To date, the tren-cough and why it is worse with tren compared to any other compound is still largely a mystery in the world. We still do not know with 100% certainty what the ultimate culprit is. Perhaps at some time in the future it will be discovered. All we know so far is that it is generally the result of the oil getting into a vein when injecting.

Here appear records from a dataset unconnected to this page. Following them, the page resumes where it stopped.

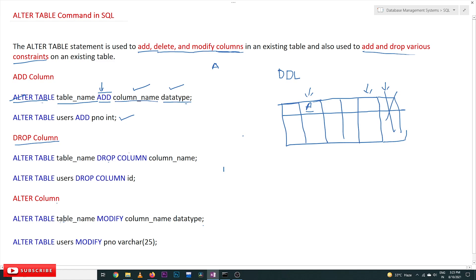If you want to drop a column — for example, for a table named 'users' and the column we would like to drop is 'id' — the syntax is: ALTER TABLE, then the table name, then the keyword DROP COLUMN, followed by the column name. So column 'id' will get dropped, meaning it will get deleted from the table.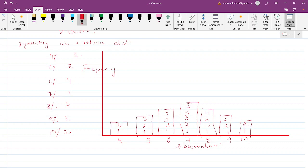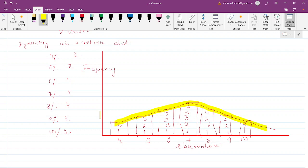If we draw a line connecting the tops of these bars, we see a bell curve. Let's shade this in yellow — we can see a kind of bell curve forming.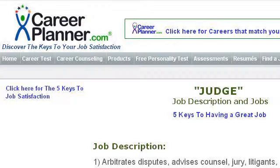Last but not least, try our third ranked site: job.descriptions.careerplanner.com. The webpage is Judge, Job Description, CareerPlanner.com. Here's the link.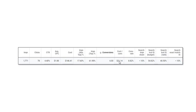The interesting part that shows the potential in this project is that we're coming in under our target cost per conversion already, which is great even though it might not last. But our search impression share is less than 10% - we're showing less than 10% of the time that we could.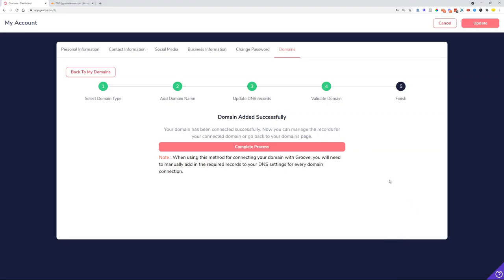What this means is that now Groove can use that domain that we provided earlier and publish out pages and blogs and Groove cart pages and things like that on that domain. But please note, when you're using this method for connecting your domain with Groove...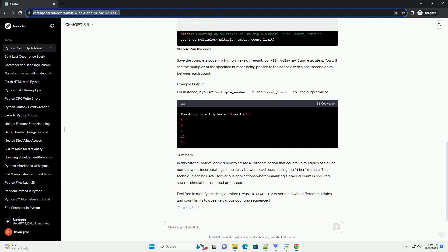In this tutorial, you've learned how to create a Python function that counts up multiples of a given number while incorporating a time delay between each count using the time module. This technique can be useful for various applications where visualizing a gradual count is required, such as simulations or timed processes.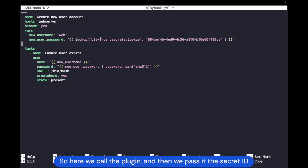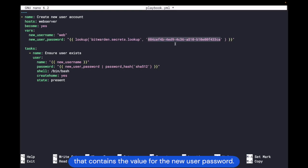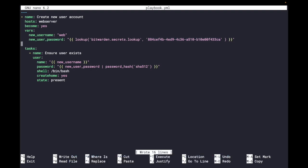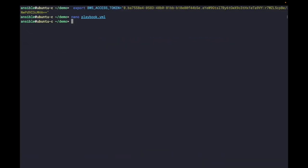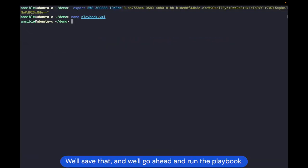So here we call the plugin, and then we pass it the secret ID that contains the value for the new user password. We'll save that and go ahead and run the playbook.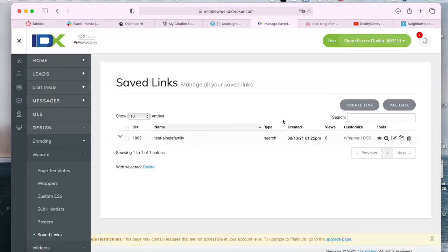So this is a very useful skill in IDX broker because it is needed in various parts of creating a website and it's very easy to create saved links and manage them through this dashboard.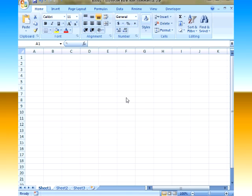Now what I have right here is actually just your regular spreadsheet. This is exactly what it looks like when you open this up.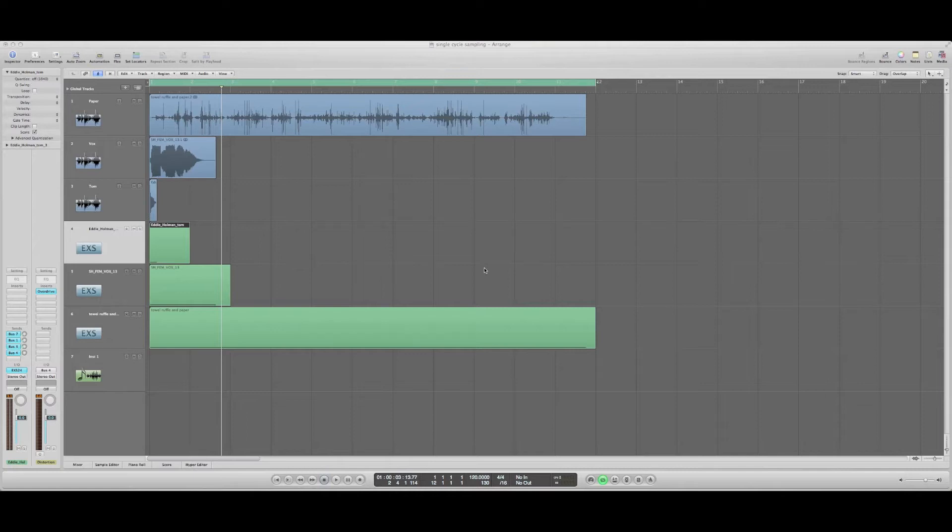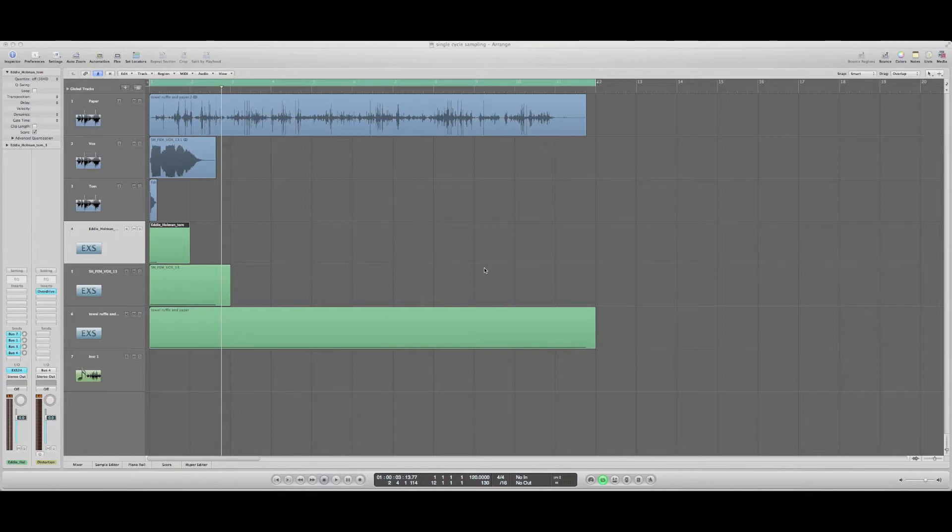In this tutorial, I'm going to be talking about single cycle sampling, or just cycle sampling. Basically, it's a type of sampling where you sample a waveform at a more minute detail, like the cycles rather than the whole transient.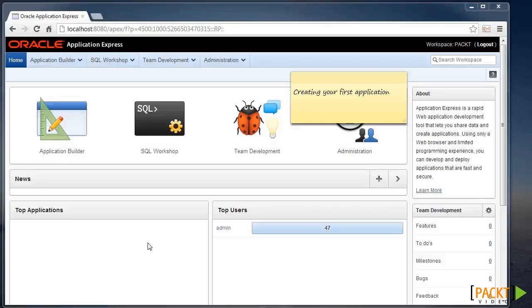Creating your first application. Obviously before we start building web pages we need an application.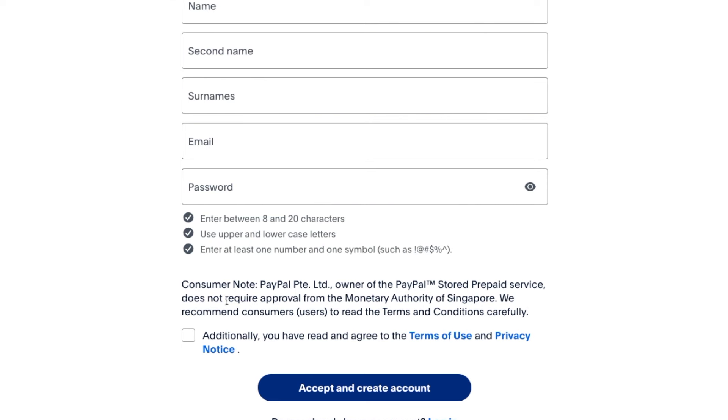Ensure the password contains at least eight characters. Don't go below eight characters. Also ensure your password contains uppercase letters, lowercase letters, and special characters. This will make sure your account is well secured — you might not be able to proceed if your password is below eight characters. Follow the instructions, check the box to accept the terms and conditions, then proceed to create your account.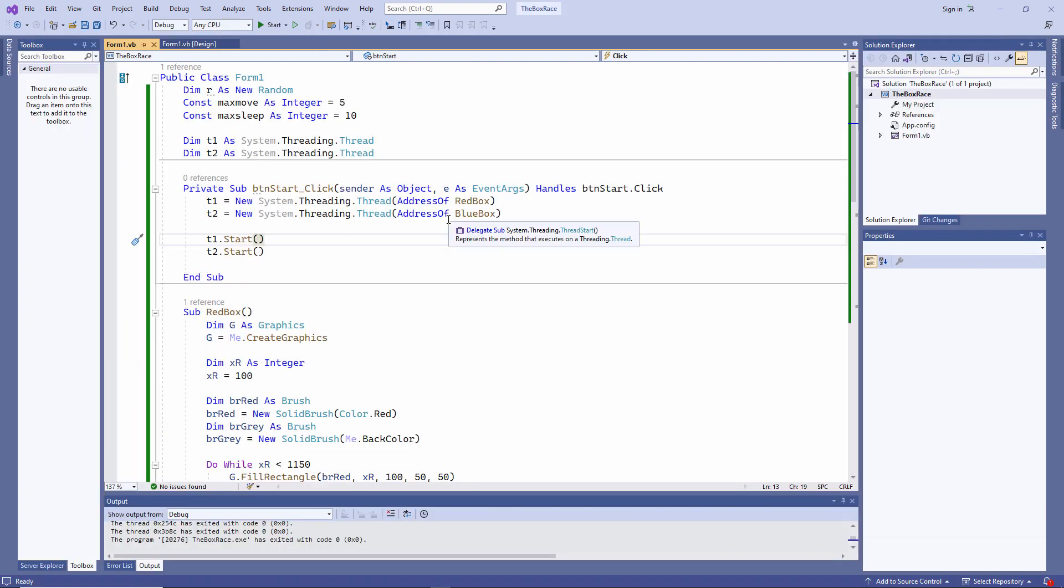Now is probably a good time to say what a thread actually is. If you think of a process as an application that's currently running, then a thread can be defined as a unit of execution within a process. You might also hear a thread described as a flow of control within a process or the smallest sequence of programmed instructions that can be managed independently by a scheduler. All of these descriptions are correct, but to put it simply, having multiple threads allows an application to perform multiple operations at the same time. You can effectively have several subroutines running simultaneously.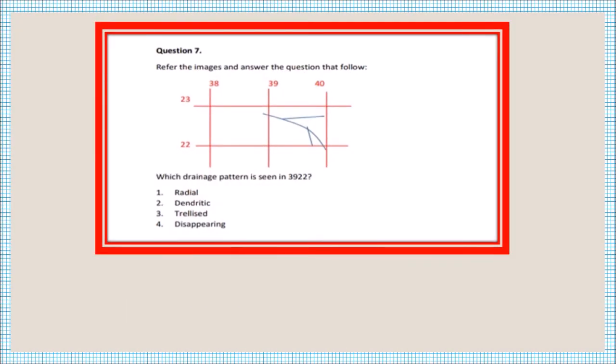Question number seven: what drainage pattern is seen in grid square 3922? The drainage pattern here looks like the roots of a tree or the veins of a leaf. We call this a dendritic pattern.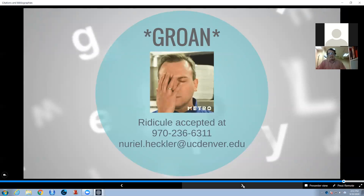I will accept your ridicule at 970-236-6311 — you can text me or call me there. Or you can send me an email at noreal.heckler@ucdenver.edu with your questions about annotated bibliographies, citation styles, or any other question you have about succeeding at SPA. Anything you need to succeed in your academic life at SPA, I'm here to help. So reach out. Thanks a lot, have a great day.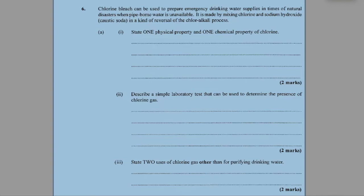Question six. Chlorine bleach can be used to prepare emergency drinking water supplies in times of natural disasters when pipe-borne water is unavailable. It is made by mixing chlorine and sodium hydroxide, also known as caustic soda, in a kind of reversal of the chloralkali process. State one physical property and one chemical property of chlorine.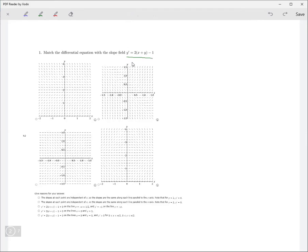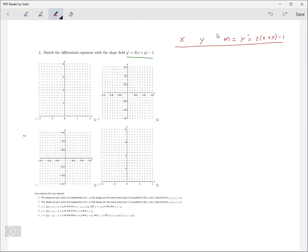Let's take a look at this one right here. What you do is test a few points. The slope is going to be the derivative. You choose points that are easy to plug in. Let's say (0, 0) — that seems easy. If x and y are both zero, this becomes negative one. So you identify where that point is — it's at the origin — and this is the correct slope.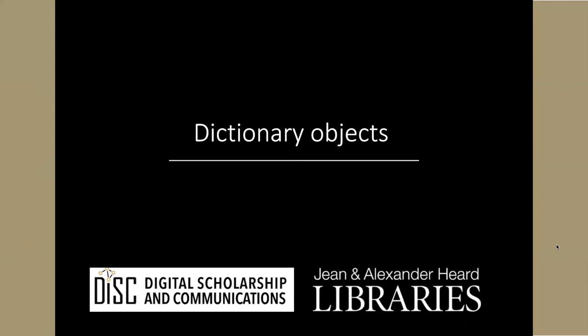There is a second form of complex data object that is very common in Python. That's the object type known as dictionary.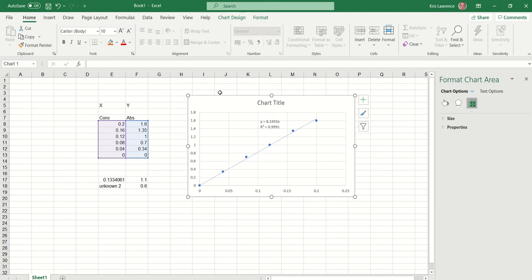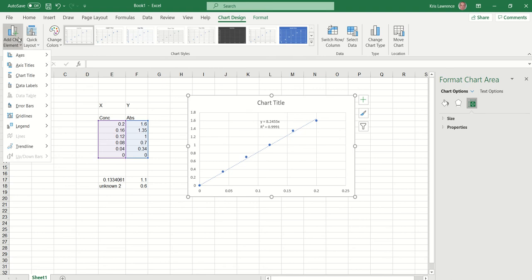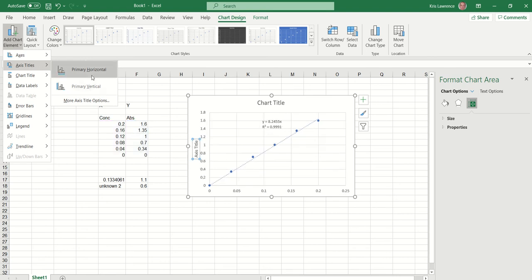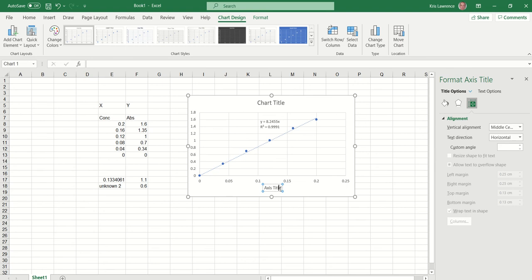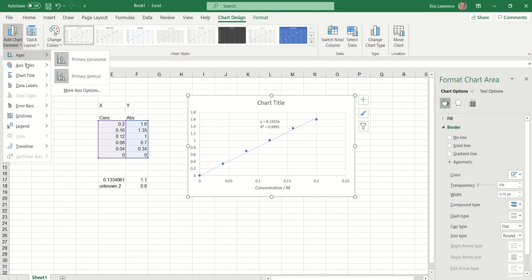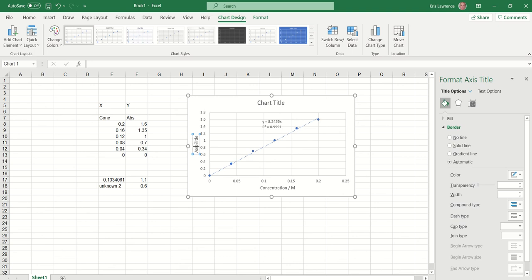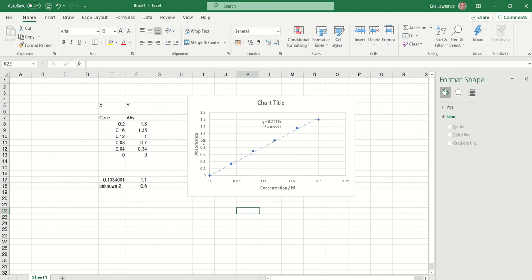When you click on the graph, you can click on Chart Design, then Add a Chart Element on the top left-hand side. We've got axis titles we can put in. On the horizontal, I'll put in concentration with its unit. And if I repeat that on the vertical — absorbance doesn't have a unit, but at least now we know what these values actually mean.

The cough, depending on how much oil has seeped into a vein (i.e. nicked a vein, passed through a vein on the way into the muscle, or literally injected right into it), should last anywhere from a minute to 5 minutes. The severity of the cough can range from a mild little irritating dry-throat esque type of cough to a major coughing fit. I have had both. The cough typically feels like there is something itching in your throat/chest/lung area, and mich akin to a dry throat feeling and something in your lungs that must be expelled, you have the need to cough. This is your body (your lungs specifically) attempting to expel the substance out (because veins carry blood to the lungs; arteries to the heart). This is very much similar to a situation in which you inhale a toxic gas, as anyone can recall if they have ever been exposed to something such as CS gas or tear gas, etc.) 


What can you do about it? Not much. I can only reccomend injecting very slowly, as it seems like the cough and the severity of it is directly correlated to the speed by which the oil is being injected if there is a vein nearby that has been hit where the oil is seeping into. Some users claim it is possible to surpress the cough by immmidiately starting to inhale-exhale small amounts of air very rapidly through the mouth, much like you are hyperventilating or how pregnant women do it to surpress the contractions during labour.




Q: I GOT THE TREN COUGH!!!! HELP ME! AM I GOING TO DIE!? WILL I BE OKAY!?


No, you are not going to die. Yes, you will be okay. The cough clears within a matter of minutes. The severity of the cough is dependant on two factors: how quickly you injected the oil, and how much of it entered your bloodstream and travelled to the lungs to be expelled. It can manifest as the notorious hard and uncontrolable cough that starts right after or during injection, or a milder controllable one that is just irritating.




Q: I've heard that tren is harsh on the kidneys and people report urinating very dark unrine when on tren? Is this a bad sign?


Kidney damage has been a commonly touted effect of tren. I can say that tren is no harsher on the kidneys than most AAS. The origin of this rumor comes from the fact that often while on a tren cycle, you will find your urine becomes a very dark rusty color (this does certainly happen with me). It is not because your kidneys are being damaged. That dark rusty color are the metabolites of tren being excreted out of your body in your urine. Trenbolone seems to oxidize to a dark rust color very easily, even under refrigeration. The discolored urine tends to happen often, with no signs of renal toxicity. Also, trenbolone acetate is still widely used in animals for carcass weight increase. There seems to be no mention of kidney toxicity in animals, or with the few historical human trenbolone preparations. So basically, what some think is blood in the urine is actually just the metabolite of tren coloring the urine much darker. Tren itself before it is metabolized has a very amber color, hence why it is always amber in the vials it is contained in.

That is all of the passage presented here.